START INPUT RECORDS

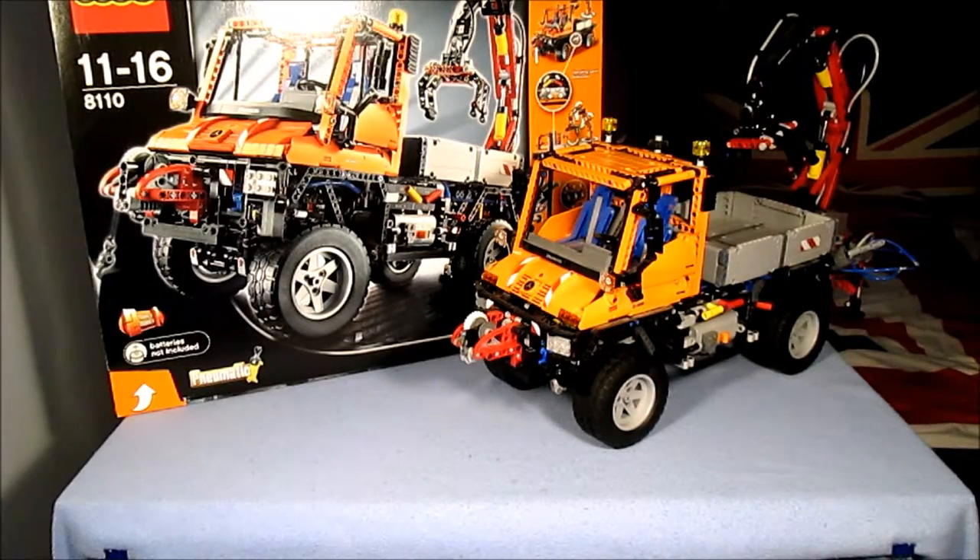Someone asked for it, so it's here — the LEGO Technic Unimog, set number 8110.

END INPUT RECORDS
START INPUT RECORDS

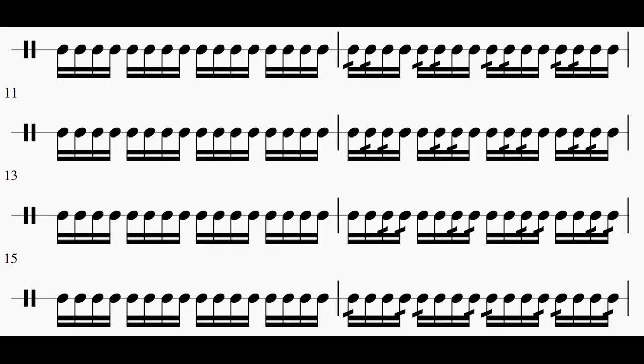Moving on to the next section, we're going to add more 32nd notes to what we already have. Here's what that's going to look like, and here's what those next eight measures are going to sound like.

END INPUT RECORDS
START INPUT RECORDS

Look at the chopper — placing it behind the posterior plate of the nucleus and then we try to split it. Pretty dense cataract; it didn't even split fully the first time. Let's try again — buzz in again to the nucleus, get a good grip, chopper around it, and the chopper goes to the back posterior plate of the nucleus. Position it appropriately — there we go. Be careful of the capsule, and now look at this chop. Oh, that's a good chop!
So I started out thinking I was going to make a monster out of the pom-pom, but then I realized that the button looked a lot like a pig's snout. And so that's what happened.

END INPUT RECORDS

TASK TO COMPLETE:
Of all the entries above, retype exactly the lines from the line with "Look at the" to the line with "So I started", both included, and no others.

ANSWER TO THIS EXERCISE:
Look at the chopper — placing it behind the posterior plate of the nucleus and then we try to split it. Pretty dense cataract; it didn't even split fully the first time. Let's try again — buzz in again to the nucleus, get a good grip, chopper around it, and the chopper goes to the back posterior plate of the nucleus. Position it appropriately — there we go. Be careful of the capsule, and now look at this chop. Oh, that's a good chop!
So I started out thinking I was going to make a monster out of the pom-pom, but then I realized that the button looked a lot like a pig's snout. And so that's what happened.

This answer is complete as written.